Your objective -> Read through the listing below and return only the lines containing "about".

Data for analysis ->

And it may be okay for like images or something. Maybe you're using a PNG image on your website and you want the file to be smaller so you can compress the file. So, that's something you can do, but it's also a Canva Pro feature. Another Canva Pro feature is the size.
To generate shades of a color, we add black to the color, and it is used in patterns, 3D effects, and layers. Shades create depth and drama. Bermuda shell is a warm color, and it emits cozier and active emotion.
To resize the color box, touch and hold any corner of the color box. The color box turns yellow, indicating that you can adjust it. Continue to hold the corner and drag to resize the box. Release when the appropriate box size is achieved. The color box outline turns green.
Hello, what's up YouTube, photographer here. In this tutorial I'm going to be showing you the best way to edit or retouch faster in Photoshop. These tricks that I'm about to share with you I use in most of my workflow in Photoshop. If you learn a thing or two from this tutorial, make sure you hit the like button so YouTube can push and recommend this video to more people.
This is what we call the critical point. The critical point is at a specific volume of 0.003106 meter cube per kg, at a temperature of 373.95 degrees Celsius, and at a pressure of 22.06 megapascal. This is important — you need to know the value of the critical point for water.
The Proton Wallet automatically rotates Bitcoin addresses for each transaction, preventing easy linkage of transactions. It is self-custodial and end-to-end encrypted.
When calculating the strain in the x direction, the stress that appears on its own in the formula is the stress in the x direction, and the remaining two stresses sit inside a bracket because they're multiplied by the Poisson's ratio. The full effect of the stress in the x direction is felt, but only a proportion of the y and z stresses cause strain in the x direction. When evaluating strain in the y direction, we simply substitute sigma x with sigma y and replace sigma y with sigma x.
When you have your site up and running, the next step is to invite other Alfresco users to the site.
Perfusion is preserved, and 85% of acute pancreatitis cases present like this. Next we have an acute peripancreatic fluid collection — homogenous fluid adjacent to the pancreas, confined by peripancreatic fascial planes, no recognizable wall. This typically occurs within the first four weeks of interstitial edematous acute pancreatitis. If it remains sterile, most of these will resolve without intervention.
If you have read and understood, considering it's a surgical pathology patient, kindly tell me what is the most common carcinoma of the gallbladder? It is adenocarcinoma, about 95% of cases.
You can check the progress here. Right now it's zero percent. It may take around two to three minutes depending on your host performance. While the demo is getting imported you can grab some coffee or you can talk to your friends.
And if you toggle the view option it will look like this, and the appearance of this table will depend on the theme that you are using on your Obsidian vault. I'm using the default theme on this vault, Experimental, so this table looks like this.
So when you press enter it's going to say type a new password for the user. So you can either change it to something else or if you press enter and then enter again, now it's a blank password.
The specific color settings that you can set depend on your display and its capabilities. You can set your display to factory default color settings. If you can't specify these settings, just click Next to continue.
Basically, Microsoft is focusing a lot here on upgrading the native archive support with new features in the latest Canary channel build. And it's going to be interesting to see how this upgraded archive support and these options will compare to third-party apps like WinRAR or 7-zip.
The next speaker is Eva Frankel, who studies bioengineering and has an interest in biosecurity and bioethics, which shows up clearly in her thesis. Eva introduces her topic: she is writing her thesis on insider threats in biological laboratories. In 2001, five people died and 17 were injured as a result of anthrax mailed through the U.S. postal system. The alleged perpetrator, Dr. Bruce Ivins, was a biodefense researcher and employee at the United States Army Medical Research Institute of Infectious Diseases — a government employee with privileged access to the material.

Solution to the exercise ->
Hello, what's up YouTube, photographer here. In this tutorial I'm going to be showing you the best way to edit or retouch faster in Photoshop. These tricks that I'm about to share with you I use in most of my workflow in Photoshop. If you learn a thing or two from this tutorial, make sure you hit the like button so YouTube can push and recommend this video to more people.
If you have read and understood, considering it's a surgical pathology patient, kindly tell me what is the most common carcinoma of the gallbladder? It is adenocarcinoma, about 95% of cases.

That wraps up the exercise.